Completing a HIPAA risk assessment on every aspect of an organization’s operations can be time-consuming and complicated. This is particularly true for small medical firms with limited resources and no previous experience of conducting risk assessments. To help healthcare organizations with this vital aspect of HIPAA, in 2014 OCR published a downloadable Security Risk Assessment (SRA) tool that can be used by small and medium sized medical practices to help them conduct a HIPAA risk assessment.
The SRA tool is ideal for helping organizations identify locations where weaknesses and vulnerabilities may be present. In the User Guide that accompanies the tool, it is stated at the beginning of the document “the SRA tool is not a guarantee of HIPAA compliance”. While the tool consists of 156 questions relating to the confidentiality, integrity, and availability of all PHI, there are no proposals included on how to designate risk levels or what policies, procedures, and technology will need to be introduced to correct vulnerabilities.

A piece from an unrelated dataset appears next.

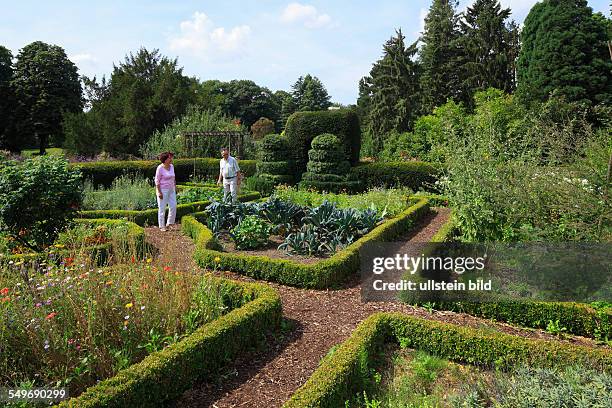 Krefeld, North Rhine-Westphalia, NRW, D-Krefeld-Oppum, Botanical Gardens, Lower Rhenish cottage garden, hedge, boxwood hedge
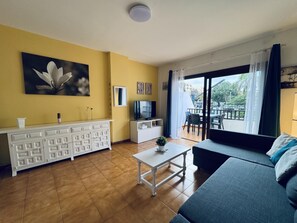 TV - One bedroom apartment free Wifi, near the pool area (Costa Adeje)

Much the same applies to other third-party tools that can be found online. They may help organizations identify risks and vulnerabilities, but they are no guarantee the the risk assessment will be comprehensive and HIPAA compliant. Many third-party vendors have disclaimers stating this. The conclusion is that tools to help with a HIPAA risk assessment can be useful, but are not complete solutions for this purpose. If in any doubt about whether your risk assessment meets HIPAA requirements, seek legal advice.